In the current study, data from patients scanned on 1.5- and 3-T MR systems were combined. In addition, investigators have reported that ADC values from submandibular glands were not significantly different when healthy volunteers underwent DWI within 1 hour on MR systems of both field strengths [6
], suggesting that ADC values are independent of field strength. A strong correlation for ADC values between 1.5 and 3 T has also been observed from the parotid glands of healthy volunteers [33
]. For DCE-MRI data, differences in magnetic field were accounted for by using the published relaxivity values at the two field strengths and by using individually measured T1 relaxation times while computing the DCE-MRI parameters. Because DCE-MRI data were acquired using a modified radial imaging sequence with a temporal resolution of 2.5 seconds in the current study, this sequence allowed us to acquire data from only eight central slices with a slice thickness of 5 mm covering the primary tumor and largest metastatic cervical lymph node with a nodal mass as the epicenter from each patient. However, a recent development of a 3D golden angle radial scheme allows more coverage of tissues of interest while acquiring the DCE-MRI data with high temporal resolution [34
]. We believe that this newer scheme will allow us to acquire DCE-MRI data with greater tissue coverage encompassing both primary tumors and nodal masses in all the patients. This scheme will also help in excluding only the motion-corrupted image slices from a particular set of images, thus permitting us to make use of the remaining good-quality image slices for data analysis.

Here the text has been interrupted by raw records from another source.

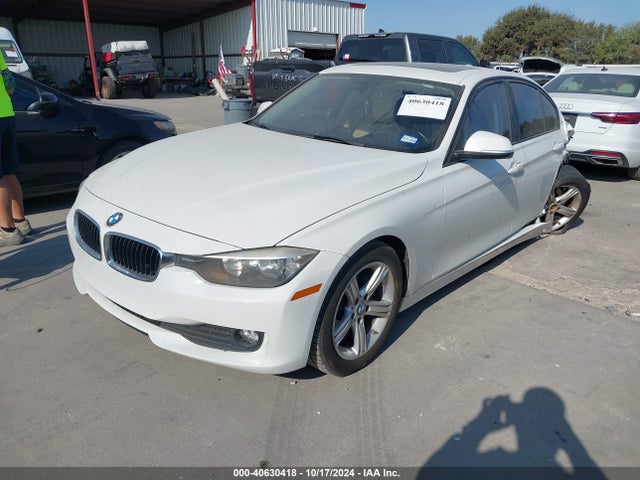 BMW 320i 2015 WBA3B1C50FK141584 Image 2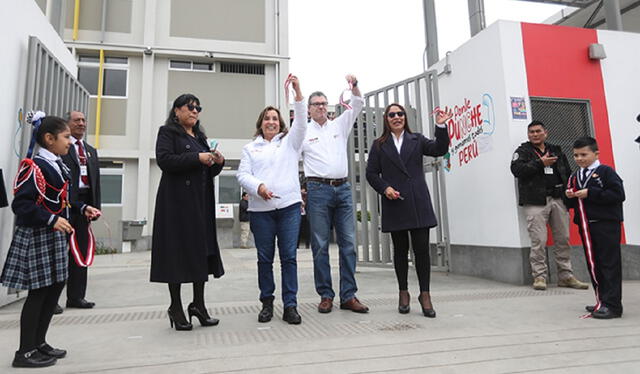  Presidenta inaugura colegio. Foto: Presidencia de la República    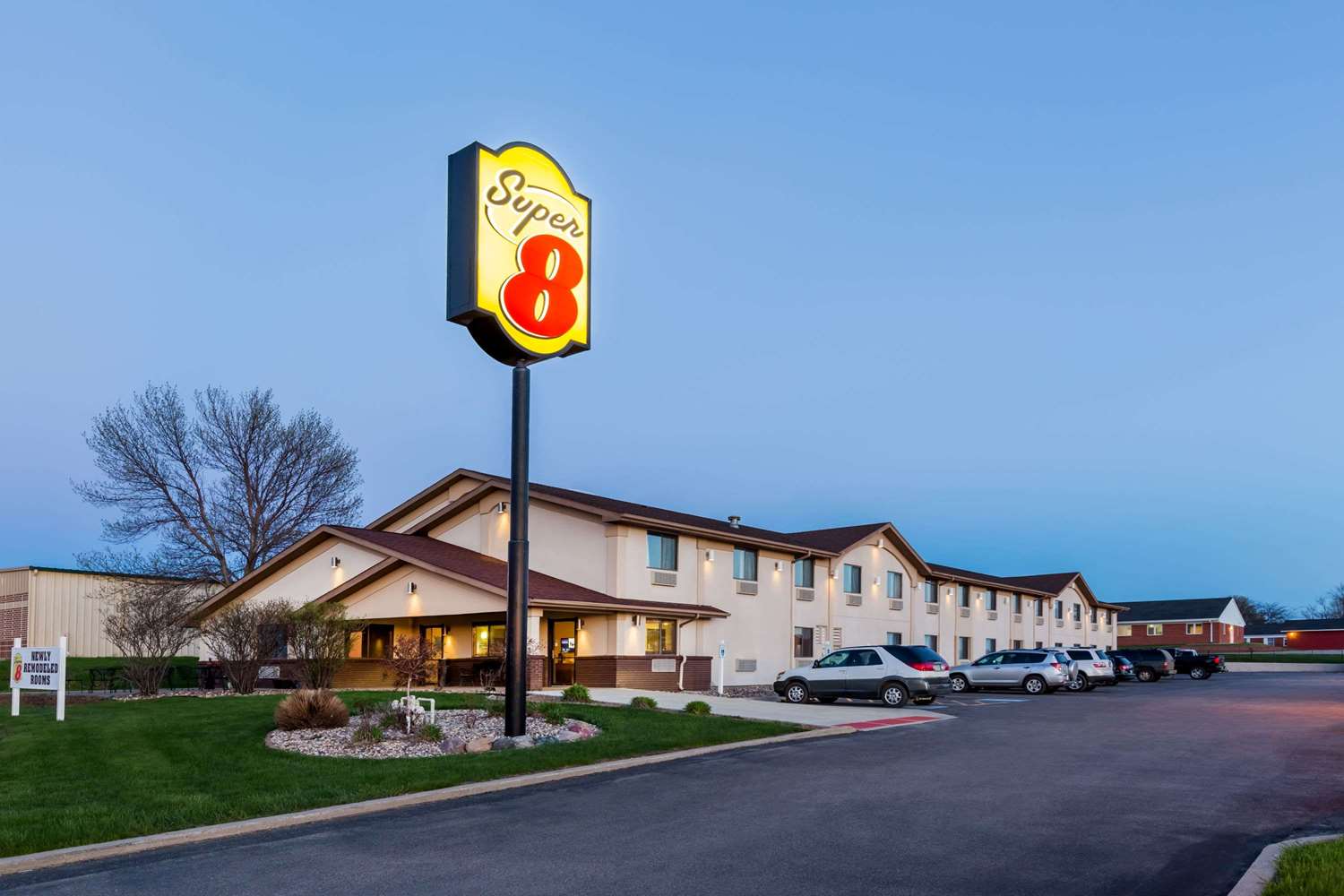 Hotel SUPER 8 BY WYNDHAM SPIRIT LAKE/OKOBOJI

The results of our study should be treated with caution because these findings are from a relatively smaller number of patients (n
= 24). Further studies of a larger cohort may be necessary to confirm our findings. Another limitation of the current study was that the chemotherapy doses and regimens were different among patients because assessment of treatment strategy was based on curative intent. These differences in treatment regimens may have played a confounding role in differentiating responders from nonresponders. To account for these differences, we performed an analysis of a subgroup of patients who underwent only chemoradiation therapy. The discriminatory accuracy for this subgroup of patients was similar to that of the entire patient group. These findings suggest that the differences in treatment regimens did not have an influence in distinguishing between responders and nonresponders in our cohort of patients. Using DCE-MRI and PET, some studies [10
] have shown a relationship between the vascular and metabolic characteristics of HNSCC and have suggested that a combined approach of PET and MRI may provide a better assessment of tumor microenvironment. Although some of our patients also underwent FDG PET before the commencement of chemoradiation therapy, different patient orientations during the two imaging examinations (PET and MRI) precluded us from performing a comparative analysis in predicting treatment response. To address the issue of image coregistration, the use of combined MRI/PET systems would be the best alternative in future studies [35
]. Despite these shortcomings, our study shows that patients exhibiting complete response to chemoradiation therapy can be separated from nonresponders.
In conclusion, our preliminary data suggest that high-spatial-resolution, high-temporal-resolution ADC maps and DCE-MRI parametric maps may be obtained of both primary tumors and nodal masses. A multiparametric approach to analyze pretreatment DWI and DCE-MRI of primary tumors and nodal masses is promising in accurately predicting local treatment response to chemoradiation therapy in HNSCC. However, further studies of a larger patient population are required to confirm these findings.